━━━ Data to examine
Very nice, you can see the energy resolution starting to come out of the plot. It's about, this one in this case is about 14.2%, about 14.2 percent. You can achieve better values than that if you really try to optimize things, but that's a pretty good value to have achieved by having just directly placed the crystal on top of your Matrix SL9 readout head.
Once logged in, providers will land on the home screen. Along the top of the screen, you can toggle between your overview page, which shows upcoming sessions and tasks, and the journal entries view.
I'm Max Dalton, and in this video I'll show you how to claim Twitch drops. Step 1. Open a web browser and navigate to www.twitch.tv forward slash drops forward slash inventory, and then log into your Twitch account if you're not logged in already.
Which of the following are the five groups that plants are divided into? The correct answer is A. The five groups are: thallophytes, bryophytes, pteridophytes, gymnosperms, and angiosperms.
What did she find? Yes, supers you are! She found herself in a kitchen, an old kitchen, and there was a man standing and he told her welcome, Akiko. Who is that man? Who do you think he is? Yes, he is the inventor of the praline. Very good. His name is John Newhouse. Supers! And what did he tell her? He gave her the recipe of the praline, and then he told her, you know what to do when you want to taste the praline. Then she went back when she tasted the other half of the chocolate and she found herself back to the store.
━━━━━━
━━━ Data to examine
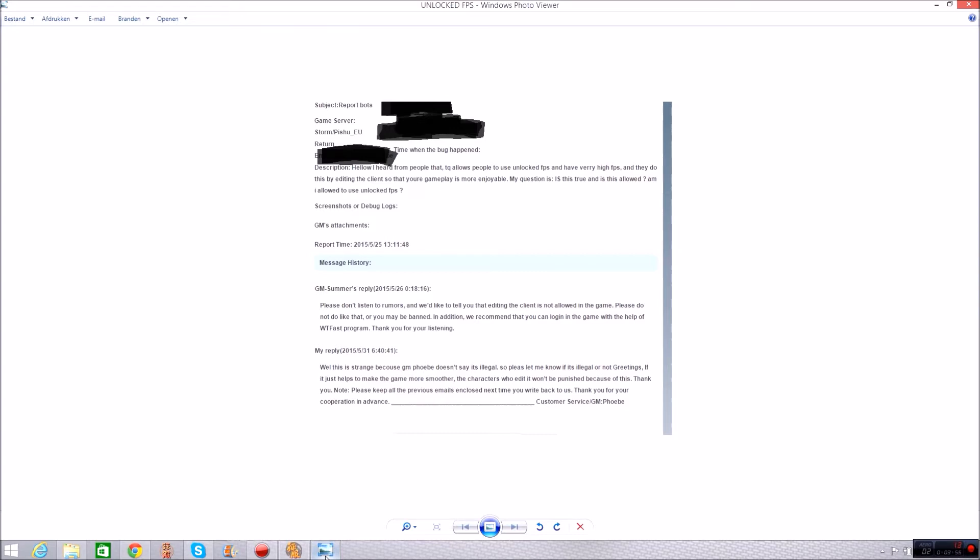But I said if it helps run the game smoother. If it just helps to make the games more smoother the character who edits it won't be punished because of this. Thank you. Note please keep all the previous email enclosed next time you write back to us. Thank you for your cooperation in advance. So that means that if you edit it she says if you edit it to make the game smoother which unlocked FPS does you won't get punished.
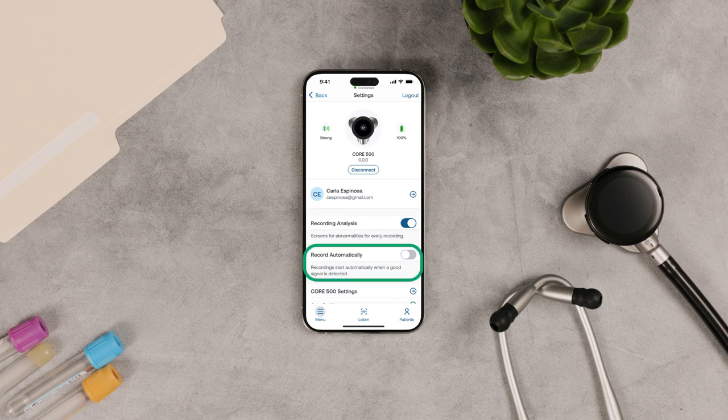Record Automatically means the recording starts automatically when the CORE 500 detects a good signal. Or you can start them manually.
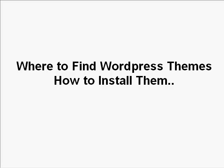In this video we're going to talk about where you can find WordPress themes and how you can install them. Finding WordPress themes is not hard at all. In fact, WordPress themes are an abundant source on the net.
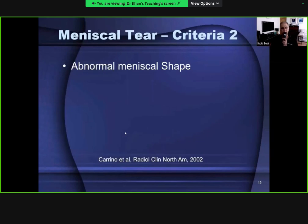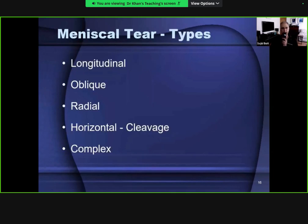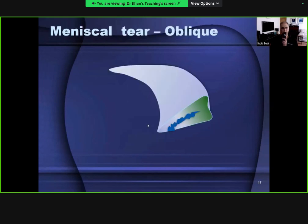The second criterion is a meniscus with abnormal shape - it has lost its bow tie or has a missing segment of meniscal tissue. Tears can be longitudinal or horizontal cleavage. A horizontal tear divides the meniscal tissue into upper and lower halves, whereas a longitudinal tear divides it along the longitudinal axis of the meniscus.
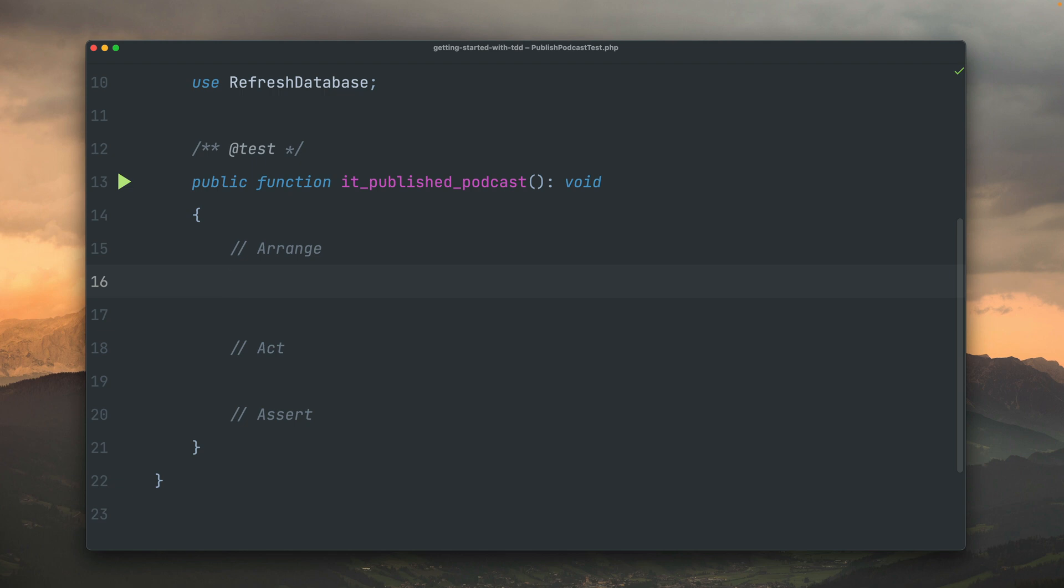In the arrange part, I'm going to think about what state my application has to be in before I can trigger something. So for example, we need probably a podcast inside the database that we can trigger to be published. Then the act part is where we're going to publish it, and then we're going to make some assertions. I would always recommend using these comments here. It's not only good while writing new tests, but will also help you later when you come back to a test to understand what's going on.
━━━━━━
━━━ Data to examine
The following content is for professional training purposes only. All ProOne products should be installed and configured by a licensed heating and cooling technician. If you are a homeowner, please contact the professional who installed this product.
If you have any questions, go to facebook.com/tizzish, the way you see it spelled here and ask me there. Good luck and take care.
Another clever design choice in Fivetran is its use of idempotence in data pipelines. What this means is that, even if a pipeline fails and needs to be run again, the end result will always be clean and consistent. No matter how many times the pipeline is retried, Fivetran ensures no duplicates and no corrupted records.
━━━━━━
Try it: Everything above from the line that has "But I said if" down to the line that has "In the arrange" should be output exactly, with both of those lines included. Leave the pictures behind.

Written answer:
But I said if it helps run the game smoother. If it just helps to make the games more smoother the character who edits it won't be punished because of this. Thank you. Note please keep all the previous email enclosed next time you write back to us. Thank you for your cooperation in advance. So that means that if you edit it she says if you edit it to make the game smoother which unlocked FPS does you won't get punished.
Record Automatically means the recording starts automatically when the CORE 500 detects a good signal. Or you can start them manually.
In this video we're going to talk about where you can find WordPress themes and how you can install them. Finding WordPress themes is not hard at all. In fact, WordPress themes are an abundant source on the net.
The second criterion is a meniscus with abnormal shape - it has lost its bow tie or has a missing segment of meniscal tissue. Tears can be longitudinal or horizontal cleavage. A horizontal tear divides the meniscal tissue into upper and lower halves, whereas a longitudinal tear divides it along the longitudinal axis of the meniscus.
In the arrange part, I'm going to think about what state my application has to be in before I can trigger something. So for example, we need probably a podcast inside the database that we can trigger to be published. Then the act part is where we're going to publish it, and then we're going to make some assertions. I would always recommend using these comments here. It's not only good while writing new tests, but will also help you later when you come back to a test to understand what's going on.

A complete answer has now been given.